Мое одиночество усугублялось еще и тем, что я был начальником, руководителем. Правда, у меня был помощник, экономический директор — примечательный человек, владелец нескольких магазинов швейных принадлежностей в Стокгольме. Много лет он возглавлял Булевардтеатерн на Рингвеген, где я поставил несколько пьес, и немедленно откликнулся на мое предложение приехать в Хельсингборг. Способный актер-любитель, он охотно играл небольшие роли, был холостяк, любил молоденьких девушек и обладал отталкивающей внешностью, отчасти скрывавшей его добрую душу. Он следил за тем, чтобы театр имел деньги. Если касса пустела, он взимал дань со своих магазинов. Меня он считал ненормальным, но только улыбался и говорил: «Последнее слово за тобой». Чем я и пользовался, зачастую беззастенчиво и жестоко. И оставался в одиночестве.

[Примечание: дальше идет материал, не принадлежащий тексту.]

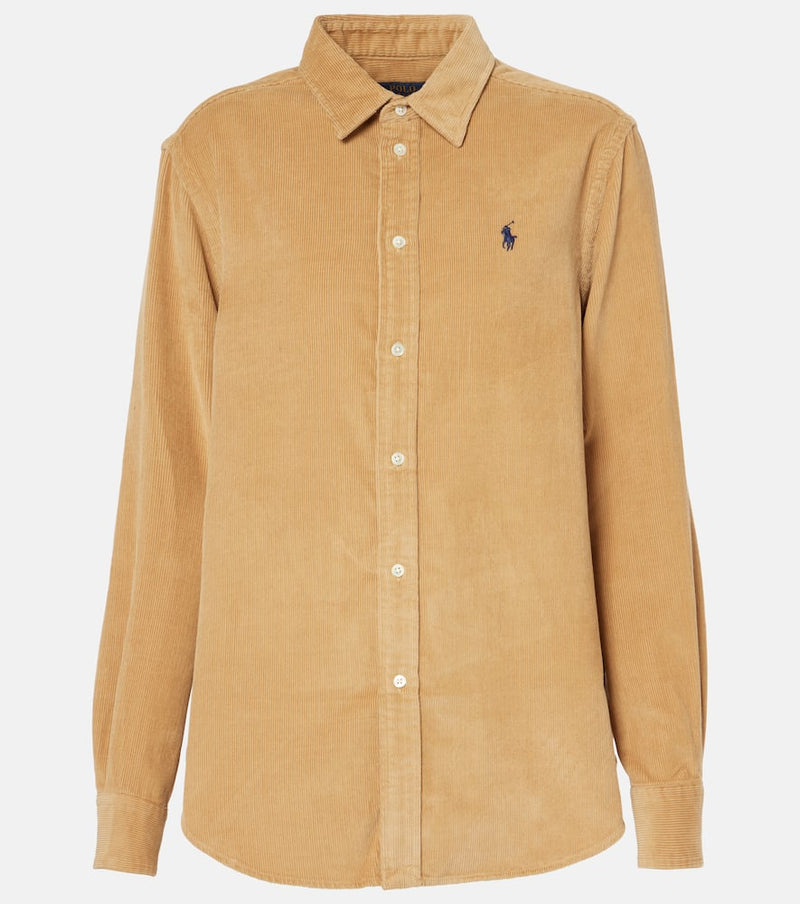 Polo Ralph Lauren Cotton shirt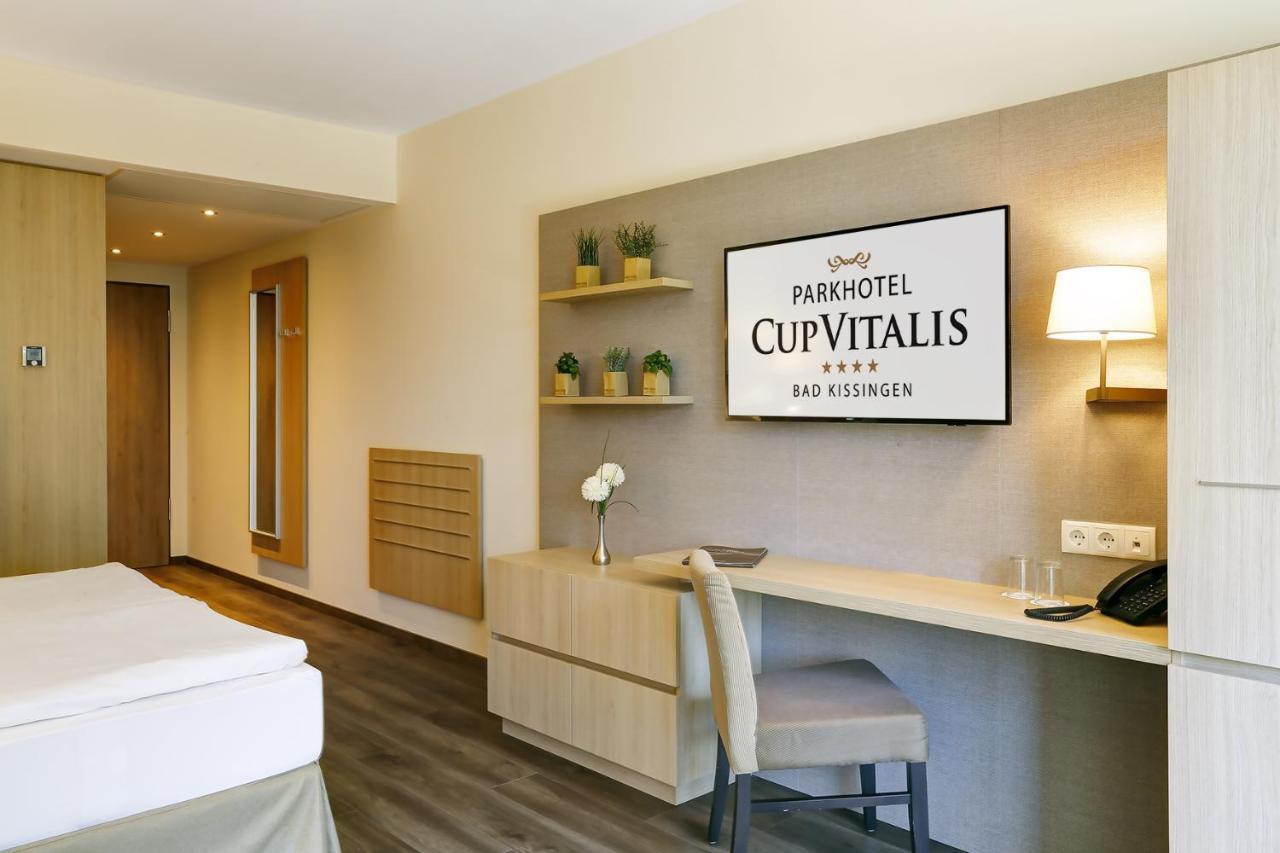 Parkhotel Cup Vitalis Hotel Bad Kissingen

Эльса Фишер, которая должна была стать в театре хореографом и танцовщицей, порекомендовала взять на это место свою приятельницу, тоже учившуюся у Мари Вигман. Ее звали Эллен Лундстрём, она только что вышла замуж за фотографа, в то время почти неизвестного, Кристера Стрёмблада. Эллен поехала в Хельсингборг, а Кристер — в Африку. Это была красивая девушка, чувственная, талантливая, оригинальная и эмоциональная.
Нашу труппу поразила эпидемия промискуитета. Вскоре у всех завелась лобковая вошь, и время от времени разыгрывались сцены ревности. Безусловно, нашим домом был театр, в остальном же мы были сбиты с толку и жаждали общения.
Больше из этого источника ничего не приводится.